> DATA SECTION:
——

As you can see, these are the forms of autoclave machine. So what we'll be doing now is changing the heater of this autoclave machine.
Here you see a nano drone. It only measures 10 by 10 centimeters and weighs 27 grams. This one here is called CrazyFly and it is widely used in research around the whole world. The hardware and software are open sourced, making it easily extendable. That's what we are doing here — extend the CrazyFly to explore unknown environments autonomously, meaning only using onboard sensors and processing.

——

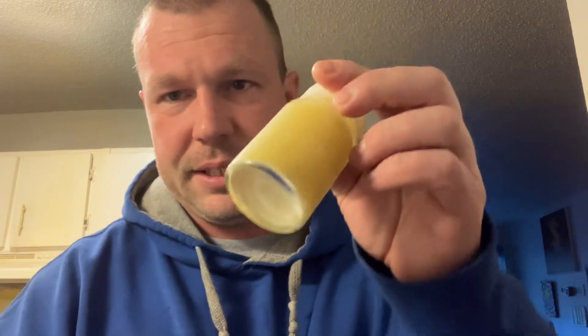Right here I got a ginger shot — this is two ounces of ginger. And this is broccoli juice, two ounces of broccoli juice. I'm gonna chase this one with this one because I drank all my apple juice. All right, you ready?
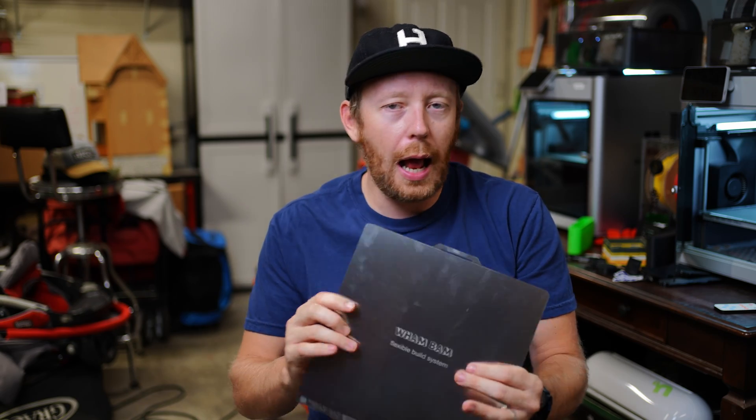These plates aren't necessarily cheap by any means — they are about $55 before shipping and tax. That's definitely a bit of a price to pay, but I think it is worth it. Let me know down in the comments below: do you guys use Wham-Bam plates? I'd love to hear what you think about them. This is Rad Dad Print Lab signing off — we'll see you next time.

——

> TO DO:
Show all lines from the data above in which the word "doing" appears.

> WRITTEN SOLUTION:
As you can see, these are the forms of autoclave machine. So what we'll be doing now is changing the heater of this autoclave machine.
Here you see a nano drone. It only measures 10 by 10 centimeters and weighs 27 grams. This one here is called CrazyFly and it is widely used in research around the whole world. The hardware and software are open sourced, making it easily extendable. That's what we are doing here — extend the CrazyFly to explore unknown environments autonomously, meaning only using onboard sensors and processing.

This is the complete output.